Empfindliche Gemeinschaft
Prof. Dr. Dr. Thomas Bosch, Kiel, betonte, dass Pflanzen und Tiere in einer Umwelt entstanden sind, die schon Milliarden Jahre zuvor durch Mikroben dominiert wurde. Das Prinzip von Signaltransduktionswegen sei bereits in Mikroben entstanden. Der Mensch bilde mit seinen Mikroben eine komplexe Gemeinschaft, die als Gesamtheit – als Holobiont – funktioniere. Auch die Evolution wirke auf diese Gesamtheit. Gelegentlich würden menschliche Zellen auf ein Signal von Mikroben warten und sie würden gestört, wenn dies ausbleibe. Wenn die Balance zwischen dem Menschen und den Mikroorganismen gestört ist, erkranke der Mensch. Bosch sieht plausible Hinweise, dass die vermehrte Häufigkeit von chronisch-entzündlichen Erkrankungen in den vorigen 50 Jahren auf Lebensstilveränderungen beruhen, die wiederum das Mikrobiom der Menschen verändert haben. Das gelte sogar für psychische Erkrankungen, weil ein gestörtes Mikrobiom auch zu Neuroinflammation führe. Außerdem könne es vom Mikrobiom abhängen, ob jemand bei gegebener Nahrungsmittelzufuhr dick wird oder nicht. Doch für die Therapie helfen diese Erkenntnisse bisher kaum weiter, denn „wir wissen nicht, was ein gesundes Mikrobiom ist“, beklagte Bosch. Stuhltransplantationen haben sich in vielen Fällen als erfolgreich erwiesen, aber es ist nicht bekannt, wer ein gesunder Donor ist. Erst recht fehlen Ansätze für die gezielte Beeinflussung des Mikrobioms. Das gelte sogar für Probiotika. Es sei nicht einmal in allen Fällen sicher, dass diese nicht schaden, erklärte Bosch. Vermutlich liegt dieses Unwissen daran, dass es keine pauschalen Antworten gibt. Vielmehr ist das Mikrobiom offenbar so individuell, dass auch die Behandlungen nur individuell sein können. Die Forschung richtet sich daher verstärkt auf individuelle Muster des Mikrobioms, die durch standardisierte Analysen mithilfe künstlicher Intelligenz ermittelt werden.
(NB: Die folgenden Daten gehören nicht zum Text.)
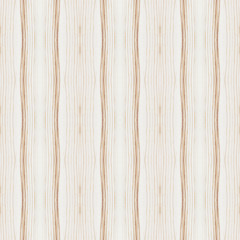 wood texture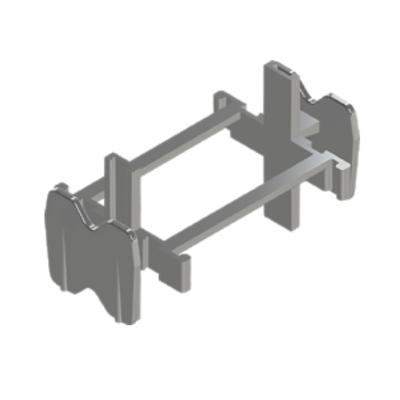 Design-sem-nome--58-.png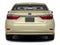 2013 Lexus ES 300h 4dr Sdn Hybrid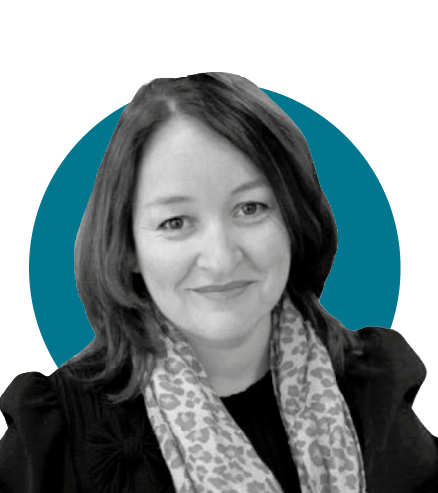 Louise Watson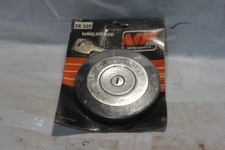 Vauxhall viva locking for sale  MARKET DRAYTON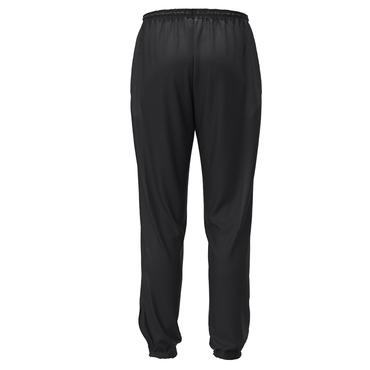 product/3/2/32efb10509_1.jpg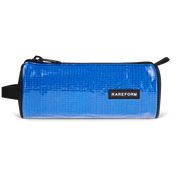 Parker Pouch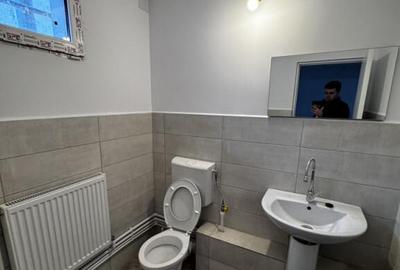 Spatiu comercial de inchiriat, 180 mp, zona Centru - 2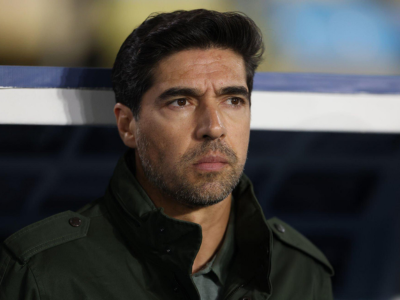 abel-saída-coletiva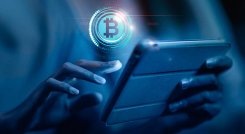 Una posible reducción de las tasas de interés en Estados Unidos es vista como un factor potencialmente crucial para el mercado.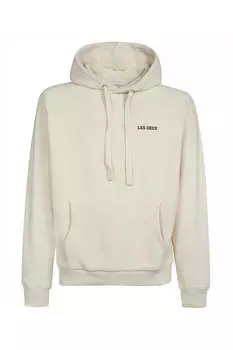 Толстовка с капюшоном Les Deux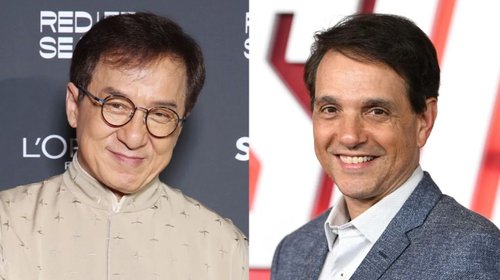 Buscan al protagonista de la nueva película Karate Kid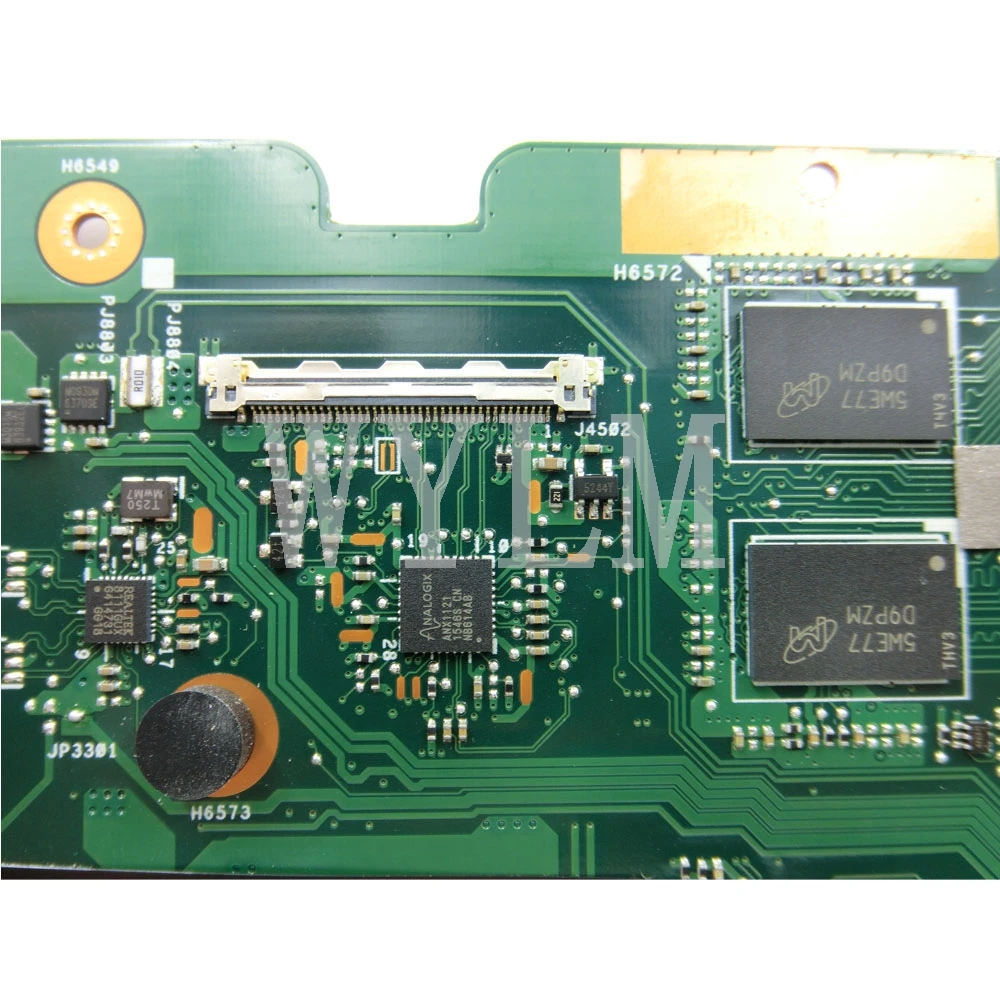 Zishan DSDs Dual AK4497 Professional Music Player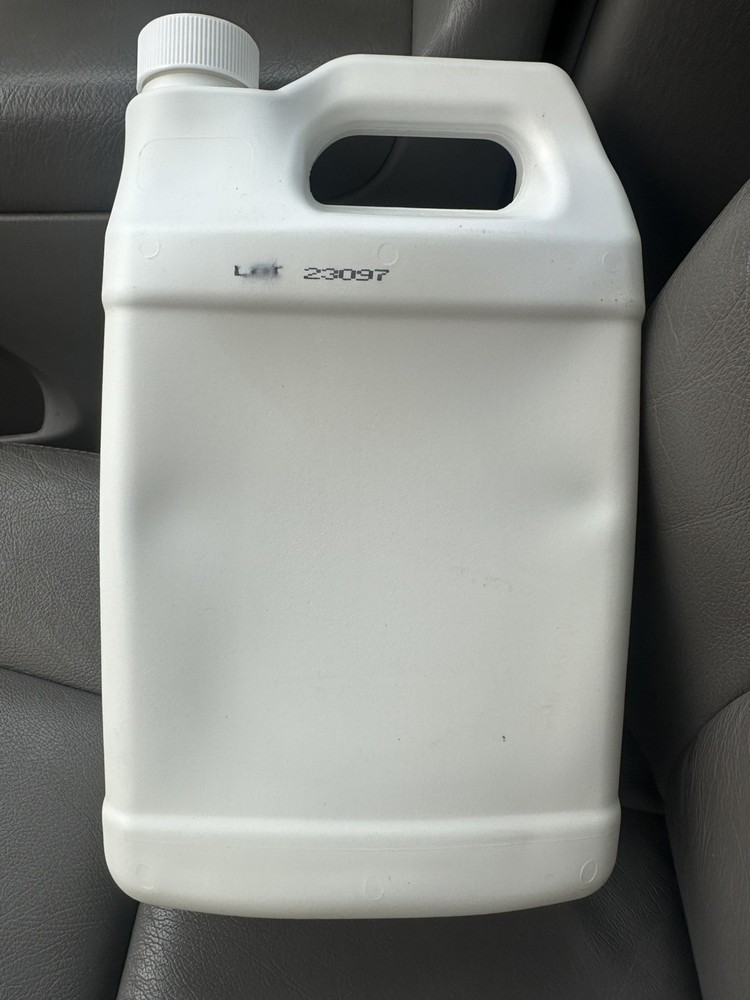 Dithiopyr 2EW - 1 Gallon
Das Mikrobiom sei auch als Teil des Immunsystems zu verstehen und schütze den Menschen vor Pathogenen, erklärte Bosch. Es führe zu einer Kolonisierungsresistenz gegenüber Pathogenen. Außerdem hätten keimfreie Versuchstiere viele Defekte. Die Unterschiede im Mikrobiom verschiedener Menschen könnten wahrscheinlich in vielen Fälle erklären, weshalb Arzneimittel individuell unterschiedlich gut wirken. Dies wird in der Pharmakomikrobiomik erforscht. Dabei geht es insbesondere darum, wie Mikroorganismen ein Arzneimittel verändern, bevor es seinen Wirkort erreicht.
Bedeutsame Diversität
Wesentlich für die Funktion des Mikrobioms ist offenbar seine Diversität, die durch eine vielfältige Umwelt und zahlreiche soziale Kontakte entsteht. Doch Hygiene, Antibiotika, soziale Isolation, Entzündungen und Immunreaktionen verringern die mikrobielle Vielfalt. Daher mahnte Bosch, den Einsatz von Antibiotika jeweils kritisch zu überdenken. Die verstärkten Hygienemaßnahmen in der Pandemie könnten das Problem verschärfen. Bosch forderte daher „Hygiene mit Köpfchen“, fürchtet aber, dass bei den derzeit nahezu keimfrei aufwachsenden Kindern in einigen Jahren mehr chronische Erkrankungen auftreten.
Antibiose mit Bedacht
Prof. Dr. Barbara Stecher-Letsch, München, bekräftigte die große Bedeutung der interindividuellen Unterschiede des Mikrobioms. Ein Mensch wird auf der Haut und den Epithelien seiner inneren Organe von etwa 100 Billionen Mikroben besiedelt, die etwa zwei Kilogramm wiegen. Als Bestandteile des Mikrobioms sind über 10.000 Arten bekannt, aber die jeweilige Zusammensetzung ist individuell wie ein Fingerabdruck und an verschiedenen Stellen unterschiedlich. Stecher-Letsch beklagte die dünne Studienlage zur Frage, wie verschiedene Antibiotika das Mikrobiom schädigen. Insbesondere über die meist anaeroben Darmbakterien sei wenig bekannt. Doch sprechen Studien für besonders starke Effekte durch Vancomycin, Clindamycin, Makrolide und Tetracycline. Nach einer Antibiose bestehe die Gefahr einer Sekundärinfektion, weil die Kolonisierungsresistenz sinke. Bei einer Stammzelltransplantation leide die Diversität des Mikrobioms, das dann oft durch typischerweise pathogene Keime dominiert werde. Dann sei die Überlebenswahrscheinlichkeit des Patienten geringer.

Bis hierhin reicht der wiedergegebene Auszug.